Nauman Farooq | Interrobang | Sports | February 29th, 2016

Last week, at the Canadian International Auto Show (CIAS) in Toronto, the Automobile Journalist Association of Canada (AJAC) named the 2016 Mazda CX-3 as their Utility Vehicle of the Year.

I did a list back in December 2015 naming the 15 best vehicles of the year I tested, and the Mazda CX-3 wasn’t one of them and neither was the new Honda Civic, which AJAC awarded with the Car of the Year title.

So, did I get it wrong, or did AJAC?

The vehicle I drove up to CIAS last week was the 2016 CX-3. Prior to this, the only time I had spent with one was in Phoenix, Arizona at its launch last March.

I thought perhaps driving it in the home environment would help me appreciate it more.

It did and it didn’t. In my recent testing of the vehicle, I adored its manners in the city, and found its motor to be willing and characterful. It might only have a 2.0 litre I4 motor which develops 146 horsepower and 146 pounds per foot of torque, but it makes good use of that. My tester, which had a six-speed automatic and all-wheel drive, proved to be quite handy, especially on roads that were not big on traction, and there was a lot of snow in my city last week.Couple that with a wonderful chassis and suspension setup and you have a crossover that is entertaining to drive.

But there is a price to pay. The CX-3 is not as efficient as you’d want it to be. Maybe it was due to the all-wheel drive or the cold weather, but I averaged close to 9.8 litres per 100 kilometres in the city; Mazda quotes the vehicle at 8.8 litres per 100 kilometres, which is still not good. My week’s average of city and highway came in at 8.6 kilometres per 100 kilometres, which is not bad, but I expected better.

I also expected more room.

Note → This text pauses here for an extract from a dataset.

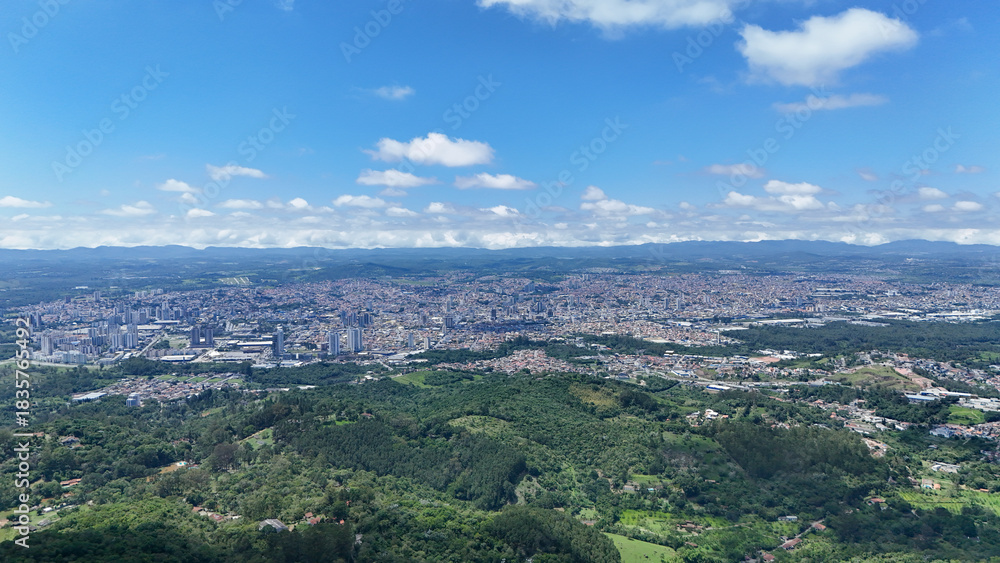 Obraz premium Visão aérea panorâmica de Mogi das Cruzes no Alto Tietê, mostrando extensa área urbana, bairros residenciais, áreas verdes e crescimento da cidade no interior de São Paulo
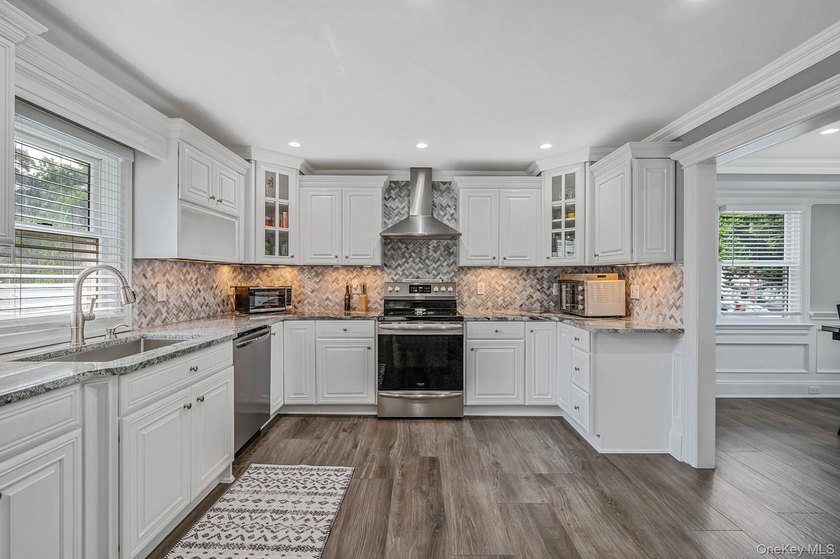 ***WELCOME TO 18 WORDEN PLACE, WEST BABYLON--This beautifully - photo 7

While those in the front are fine for space, no adult would like to spend much time in the back seats as legroom is tight. The trunk is not huge either, so it’s certainly not a vehicle for a growing family.

Treat it as a crossover coupe for someone who is single and ready to mingle, and it is just fine. Plus, if you want more space, Mazda offers the larger CX-5 and CX-9 models as well.

But, the CX-3 just won Utility Vehicle of the Year and in truth, it is not utilitarian. What it is however, is attractive. The design is stunning with lots of details. The interior is just spectacular thanks to its equipment and its use of soft touch materials on the dashboard gives it an up-class feel. My tester had heated seats, leather and an infotainment system with navigation.

The 2016 Mazda CX-3 is quite a likeable vehicle and I do think it deserves your attention. The best thing about it was its road manners on the highway in snowy conditions. When equipped with the right winter tires, it can drive through any weather condition, I know that from first-hand experience.

So, did AJAC get it wrong, or was I wrong? As much as I like the CX-3, I don’t think it was the right vehicle to take the Utility Vehicle of the Year crown. If there is a new sub-category between car and utility vehicle of the year, the CX-3 could possibly take that.

If it is of interest to you, you’d be happy to know that it is well priced with base models starting from $20,695.